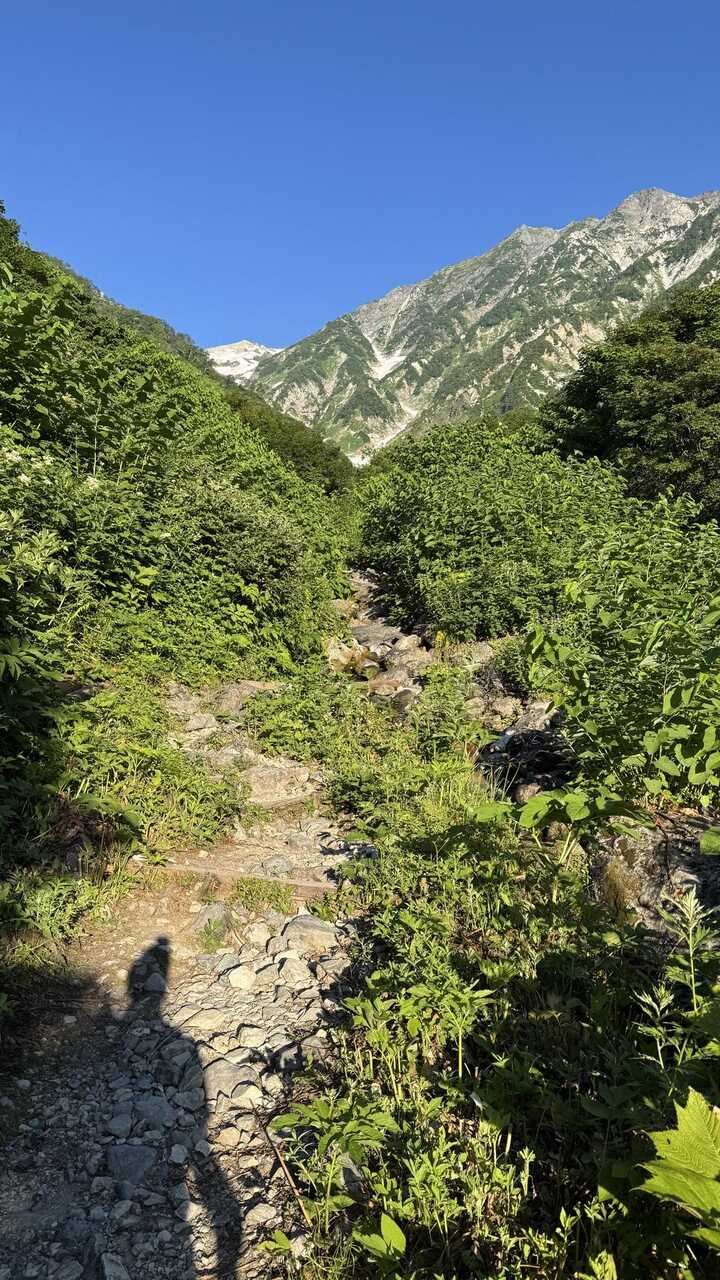 hakuba3zan-2.jpg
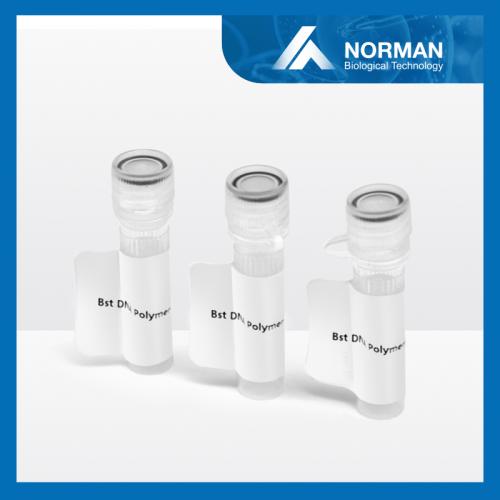 Bst DNA Polymerase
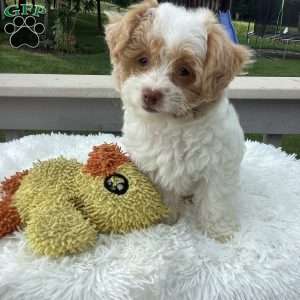 Jake, Havapoo Puppy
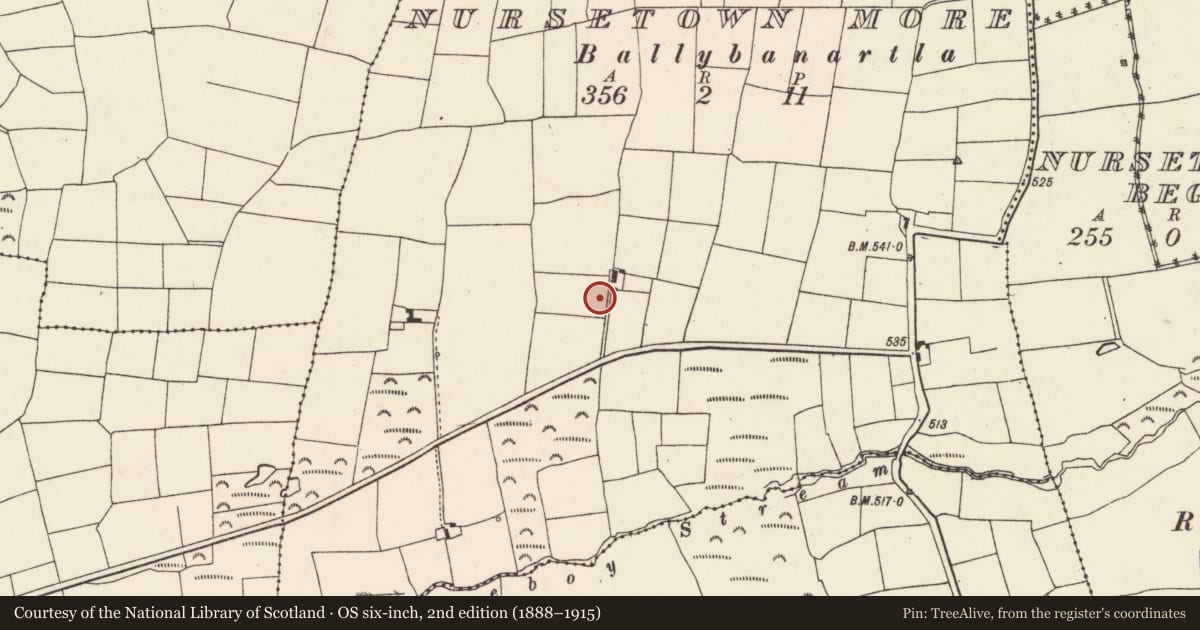 Ordnance Survey six-inch map, 2nd edition (1888–1915) covering the location of Fulacht fia, Nursetown More, County Cork, with a pin at the register's coordinates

=======

> **DIRECTIONS FOR THIS TASK**:
Begin at the line containing "Jake, Havapoo Puppy" and stop at the last line of the data. Repeat only those lines, exactly, and leave out the pictures.

> **RESULT OF THE EXERCISE**:
 Jake, Havapoo Puppy
 Ordnance Survey six-inch map, 2nd edition (1888–1915) covering the location of Fulacht fia, Nursetown More, County Cork, with a pin at the register's coordinates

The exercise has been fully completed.